-- Opening Marker --

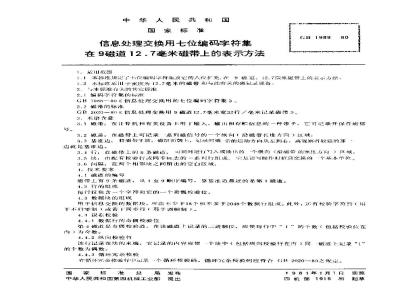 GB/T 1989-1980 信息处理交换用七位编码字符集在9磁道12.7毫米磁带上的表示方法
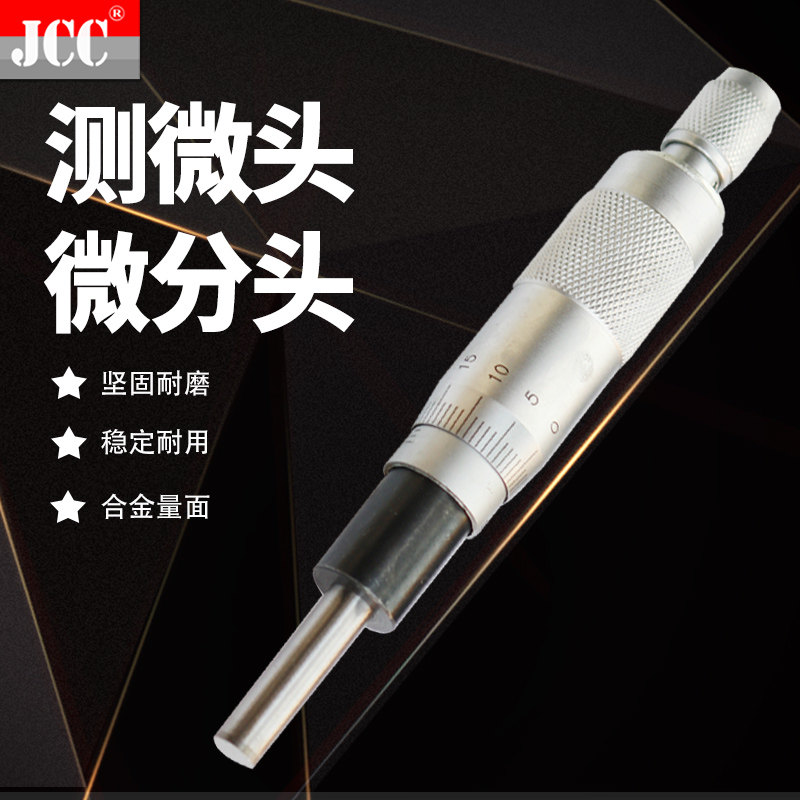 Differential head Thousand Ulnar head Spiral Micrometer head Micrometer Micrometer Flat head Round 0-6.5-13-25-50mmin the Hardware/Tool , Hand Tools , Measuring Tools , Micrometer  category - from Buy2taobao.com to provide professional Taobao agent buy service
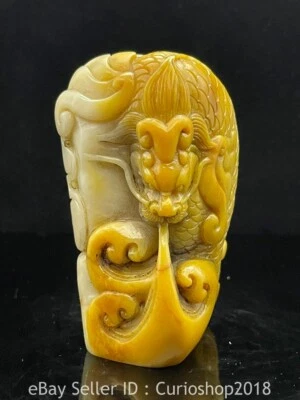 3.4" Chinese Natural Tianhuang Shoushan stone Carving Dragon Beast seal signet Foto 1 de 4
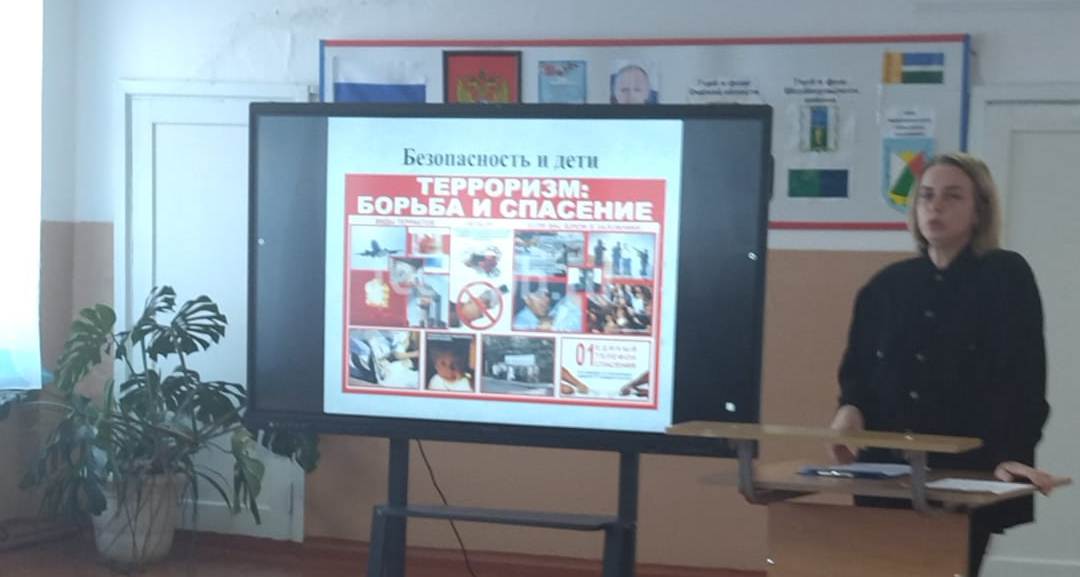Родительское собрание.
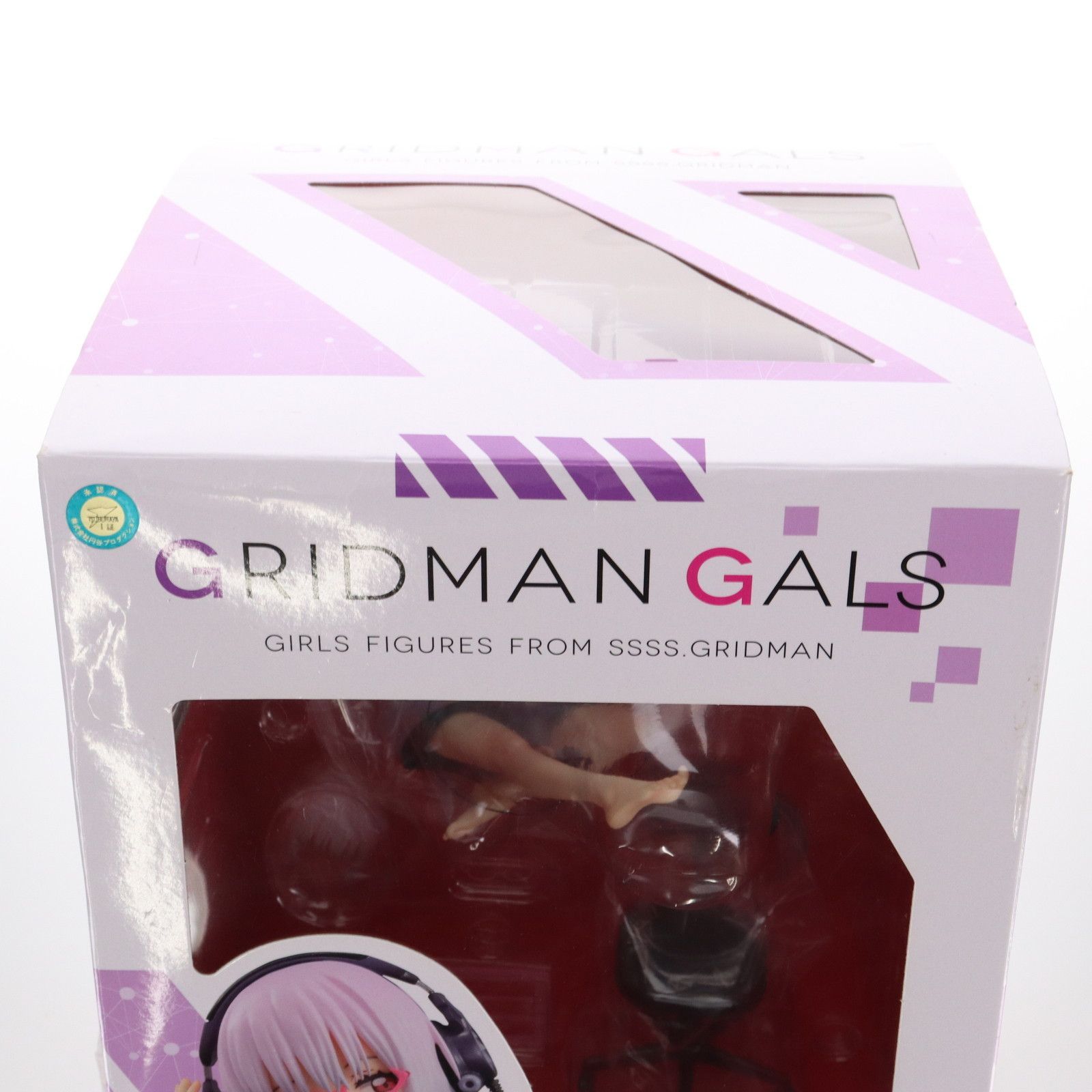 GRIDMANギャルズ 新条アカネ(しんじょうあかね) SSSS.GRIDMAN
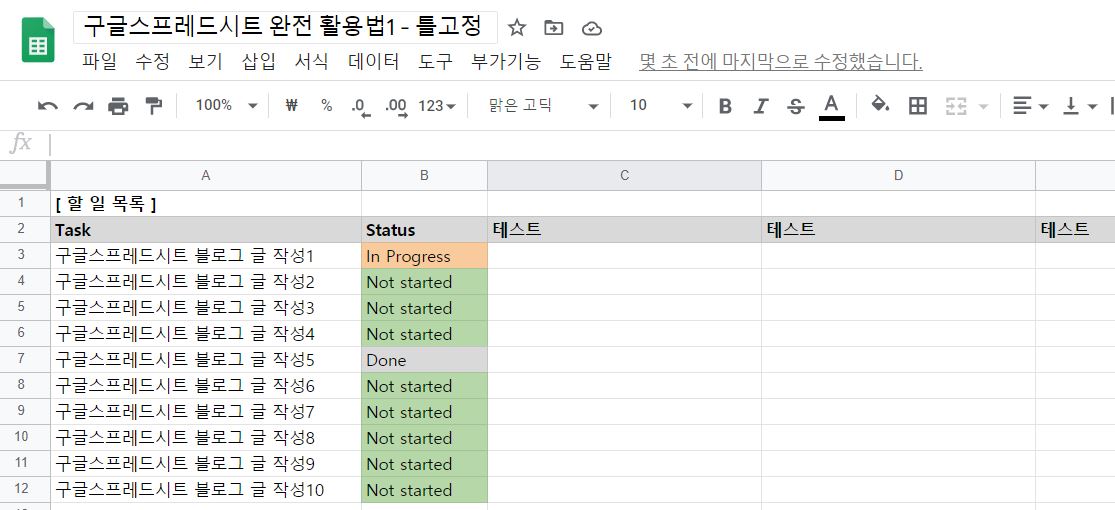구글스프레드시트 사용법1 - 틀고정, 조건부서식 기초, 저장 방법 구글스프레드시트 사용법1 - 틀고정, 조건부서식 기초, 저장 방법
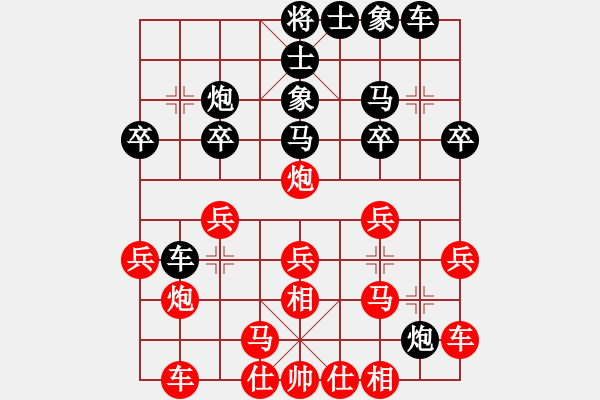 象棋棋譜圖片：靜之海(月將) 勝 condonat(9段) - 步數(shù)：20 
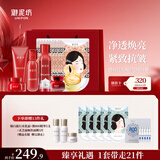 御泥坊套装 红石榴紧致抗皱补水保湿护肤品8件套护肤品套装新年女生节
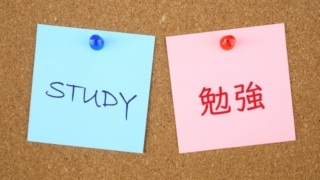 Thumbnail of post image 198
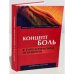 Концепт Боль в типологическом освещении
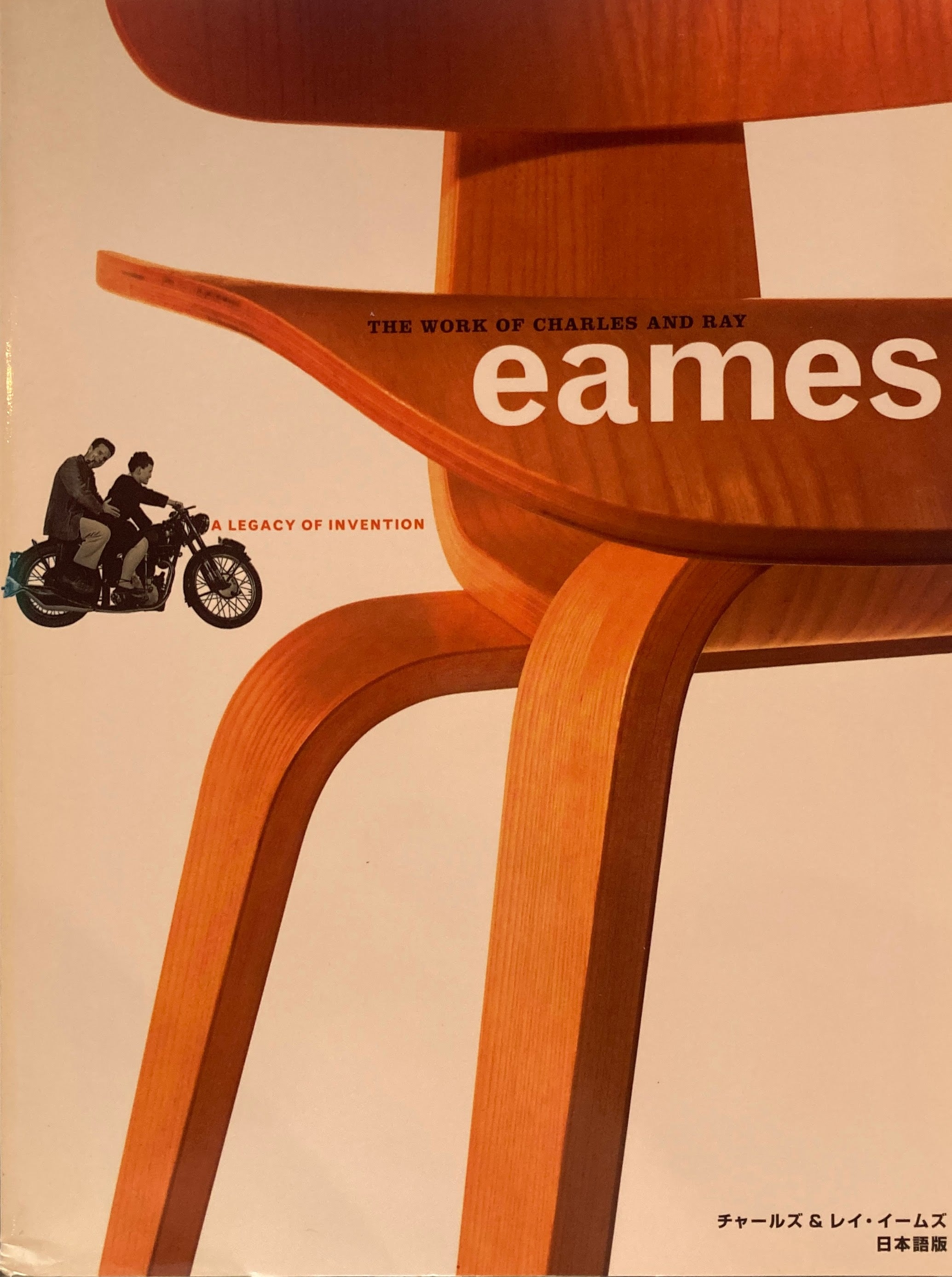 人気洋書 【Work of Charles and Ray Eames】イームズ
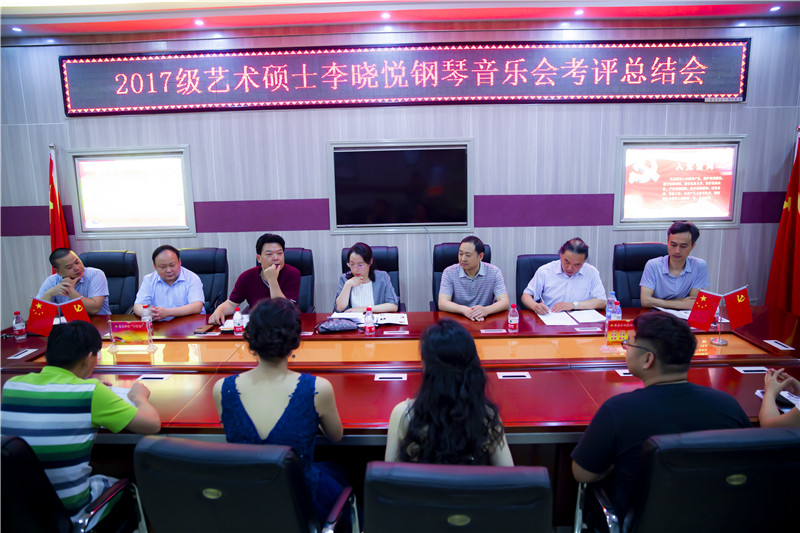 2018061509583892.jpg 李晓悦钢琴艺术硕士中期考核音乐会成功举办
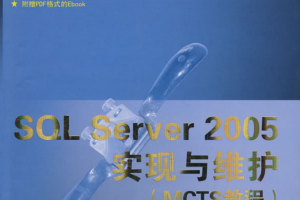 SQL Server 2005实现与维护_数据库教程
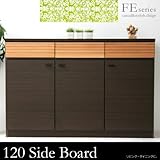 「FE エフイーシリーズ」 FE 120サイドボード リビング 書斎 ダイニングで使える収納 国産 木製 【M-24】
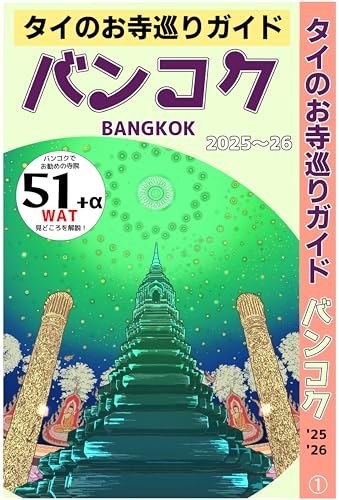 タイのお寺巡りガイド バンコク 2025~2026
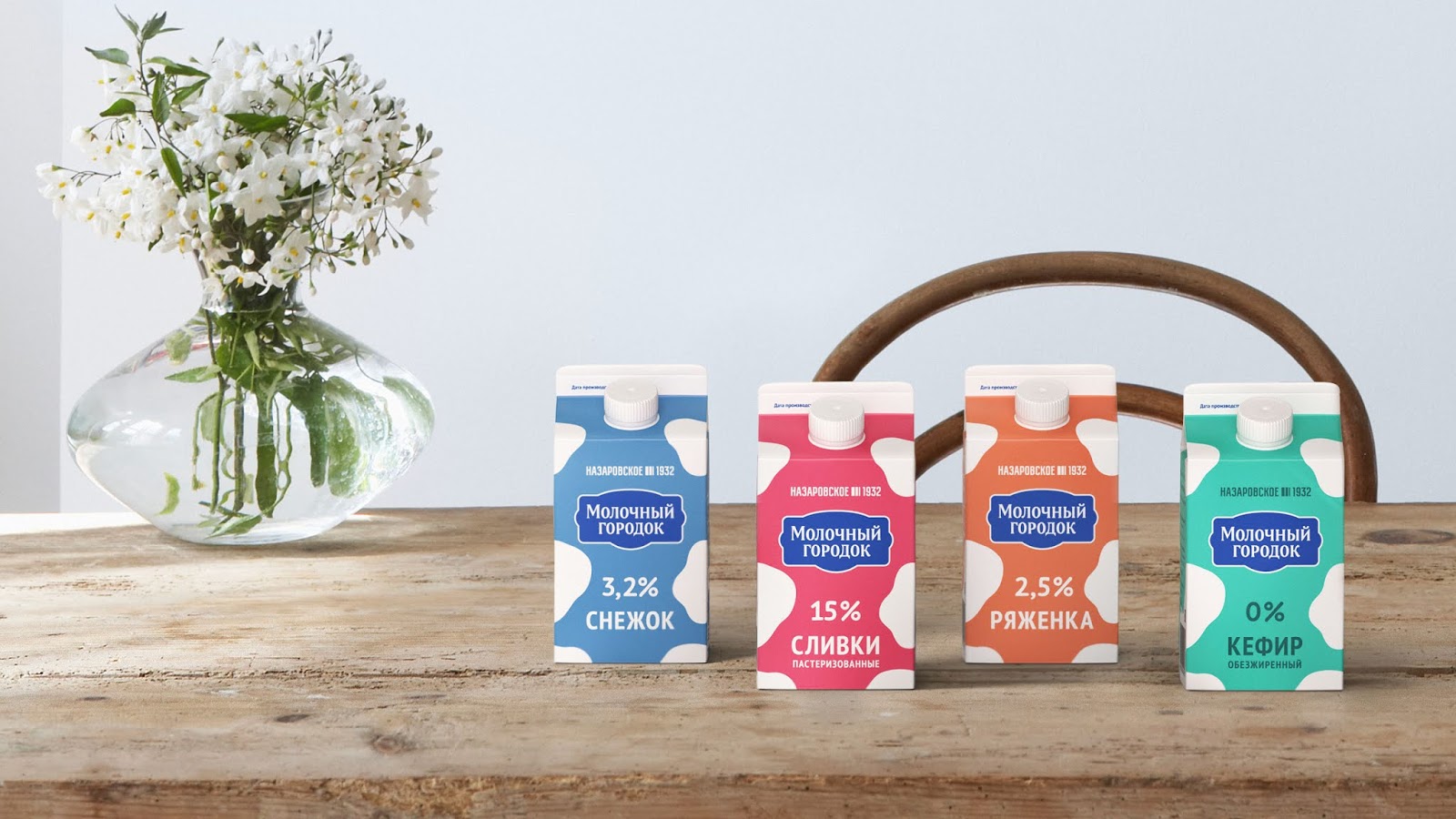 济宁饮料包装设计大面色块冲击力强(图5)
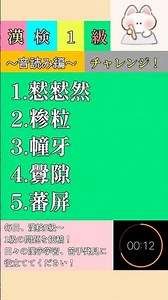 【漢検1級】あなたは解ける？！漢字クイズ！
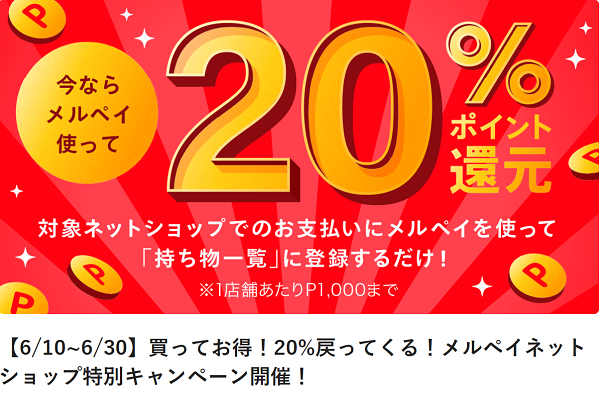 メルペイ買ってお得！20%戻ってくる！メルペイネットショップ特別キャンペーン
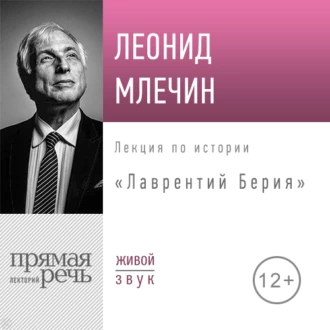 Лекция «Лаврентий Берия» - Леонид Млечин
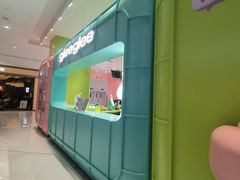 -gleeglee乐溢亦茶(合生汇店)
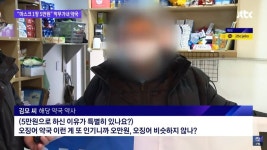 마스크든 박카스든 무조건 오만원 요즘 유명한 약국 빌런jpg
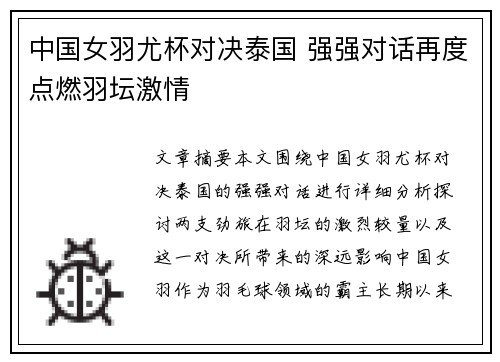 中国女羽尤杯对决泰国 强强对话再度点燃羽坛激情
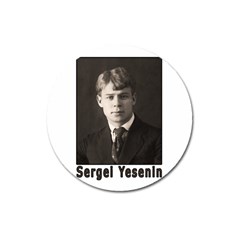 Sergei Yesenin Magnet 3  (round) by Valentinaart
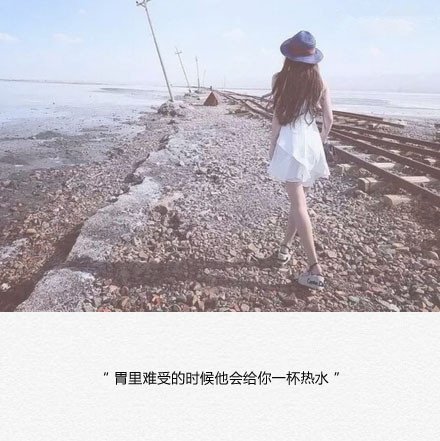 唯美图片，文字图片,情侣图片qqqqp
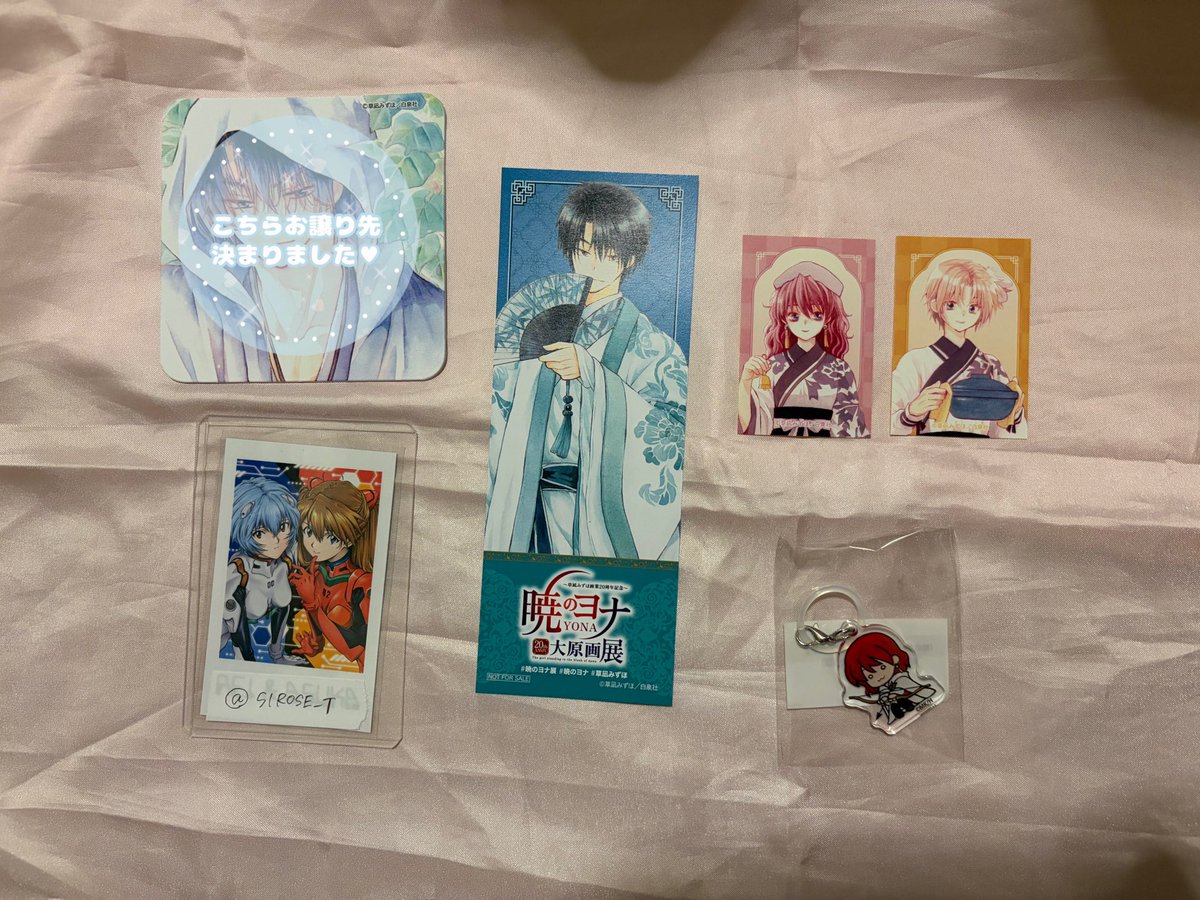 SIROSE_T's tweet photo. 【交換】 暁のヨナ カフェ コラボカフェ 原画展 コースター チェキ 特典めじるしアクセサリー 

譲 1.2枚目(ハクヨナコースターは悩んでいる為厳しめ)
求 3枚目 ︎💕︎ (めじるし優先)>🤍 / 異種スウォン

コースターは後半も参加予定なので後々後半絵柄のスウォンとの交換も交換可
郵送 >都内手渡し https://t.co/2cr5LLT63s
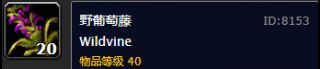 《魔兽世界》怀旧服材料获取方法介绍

-- Closing Marker --

* [TASK BRIEF]
Return exactly the stretch above whose first line contains "御泥坊套装 红石榴紧致抗皱补水保湿护肤品8件套护肤品套装新年女生节" and whose last line contains "SQL Server 2005实现与维护_数据库教程", and nothing outside it. The pictures should not appear.

* [RESULT OF THIS TASK]
 御泥坊套装 红石榴紧致抗皱补水保湿护肤品8件套护肤品套装新年女生节
 Thumbnail of post image 198
 Концепт Боль в типологическом освещении
 人気洋書 【Work of Charles and Ray Eames】イームズ
 2018061509583892.jpg 李晓悦钢琴艺术硕士中期考核音乐会成功举办
 SQL Server 2005实现与维护_数据库教程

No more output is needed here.